*The input*:
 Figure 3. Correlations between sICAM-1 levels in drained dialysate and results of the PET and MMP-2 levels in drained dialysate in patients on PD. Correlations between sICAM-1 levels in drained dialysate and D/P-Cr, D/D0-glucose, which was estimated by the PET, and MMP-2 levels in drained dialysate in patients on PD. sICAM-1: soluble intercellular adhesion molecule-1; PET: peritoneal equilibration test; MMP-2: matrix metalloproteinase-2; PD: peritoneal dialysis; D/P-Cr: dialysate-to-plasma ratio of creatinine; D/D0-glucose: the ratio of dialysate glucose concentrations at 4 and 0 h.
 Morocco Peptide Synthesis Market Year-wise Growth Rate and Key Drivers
---
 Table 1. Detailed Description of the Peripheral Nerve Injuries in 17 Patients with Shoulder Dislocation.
--
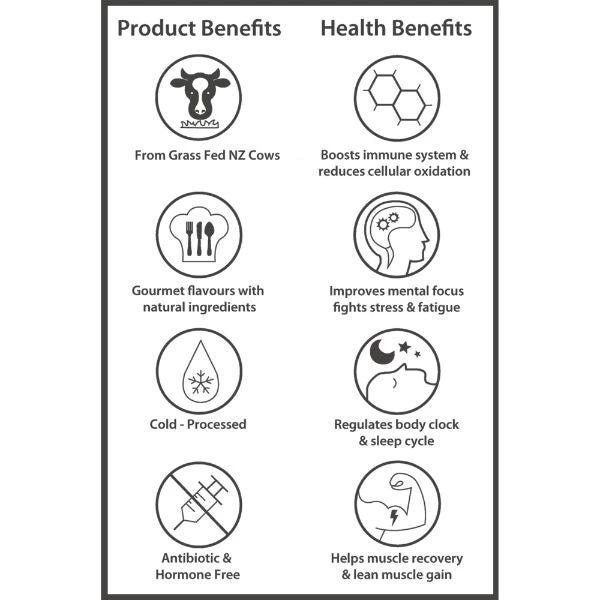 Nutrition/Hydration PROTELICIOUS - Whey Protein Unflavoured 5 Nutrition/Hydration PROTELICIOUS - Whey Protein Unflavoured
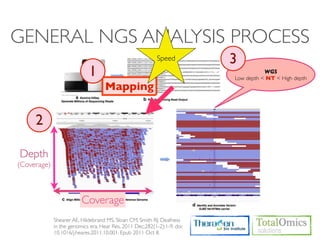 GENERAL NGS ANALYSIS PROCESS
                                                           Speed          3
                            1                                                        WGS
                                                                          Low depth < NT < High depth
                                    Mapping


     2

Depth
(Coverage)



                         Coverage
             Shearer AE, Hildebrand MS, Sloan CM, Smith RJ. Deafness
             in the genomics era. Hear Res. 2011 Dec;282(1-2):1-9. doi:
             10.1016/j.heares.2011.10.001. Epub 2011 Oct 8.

*What you should do*:
Using the entries above, return exactly the lines from the line with "in the genomics" to the line with "10.1016/j.heares.2011.10.001. Epub 2011", counting both of those lines.

*Exercise output*:
             in the genomics era. Hear Res. 2011 Dec;282(1-2):1-9. doi:
             10.1016/j.heares.2011.10.001. Epub 2011 Oct 8.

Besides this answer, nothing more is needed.